Binns also has represented promoters in litigation and contract negotiations. He defended Don King against a claim filed by Mike Tyson’s attorneys and negotiated title bouts for Frank Bruno and Barry McGuigan.
Binns’ connections in the legal, boxing and political communities paved the way for his appointment to the Pennsylvania State Athletic Commission in the 1980s.
“It’s all a matter of networking,” Binns said. “One thing leads to another. One door closes and two more open.”
“TO YOU IT’S THANKSGIVING. TO ME, IT’S THURSDAY.”
Rocky’s take on holidays was less than enthusiastic, but he’s not the only one for whom Thanksgiving, Christmas and Easter are double-edged swords.

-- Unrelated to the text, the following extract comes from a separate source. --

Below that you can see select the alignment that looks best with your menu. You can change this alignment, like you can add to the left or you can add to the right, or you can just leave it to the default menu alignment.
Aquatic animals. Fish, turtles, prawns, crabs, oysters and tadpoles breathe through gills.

Joy is always tempered with grief for the families of police and firefighters who’ve lost their lives protecting the city. For more than a decade, Binns has dedicated much of his time to helping those families cope with loss and preserve the legacies of their loved ones.
Each Easter, Thanksgiving and Christmas, he joins leaders of the Fraternal Order of Police and dozens of cops in delivering holiday meals to slain officers’ families. He is also founder of the Hero Plaque Program.

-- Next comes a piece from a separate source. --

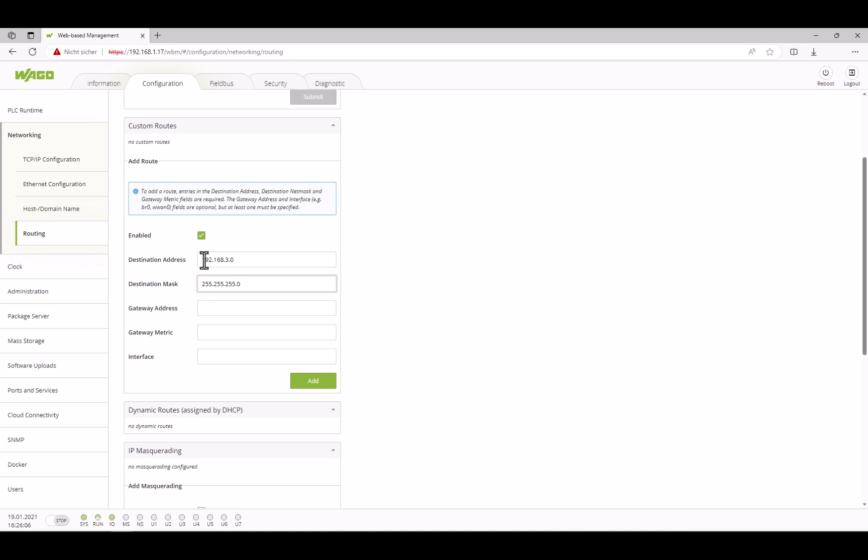If only one host is to be shared, an IP address including the host address can also be entered here. But then, the subnet mask must be set so that the address is read out to the last digit. For example, 255.255.255.255.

“That developed because I owned a restaurant in the year 2000 at 13th and Locust,” he said. “I got it through a lawsuit. I hated it but I had to go to it.”
A local police sergeant often stopped there while making his rounds.

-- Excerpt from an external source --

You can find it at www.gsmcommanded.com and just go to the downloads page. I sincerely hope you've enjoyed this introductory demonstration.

“One morning, he pointed out the window and said, ‘The night Danny Faulkner got killed, he was laying right there,’ ” Binns said.
The attorney came up with an idea to honor the slain officer by installing a plaque on the very spot. He called Faulkner’s widow to ask her approval. Maureen Faulkner consented and promised to attend the dedication ceremony in 2001.
“She flew back from California and about one thousand cops showed up,” Binns said.
In 13 years, the program has been responsible for installing 261 police and firefighter plaques throughout the city and surrounding counties and the Jersey Shore. Binns, who no longer owns the restaurant, has developed deep personal ties with slain police and firefighters’ families as well as active cops. He fights inside and outside the courtroom for their benefit.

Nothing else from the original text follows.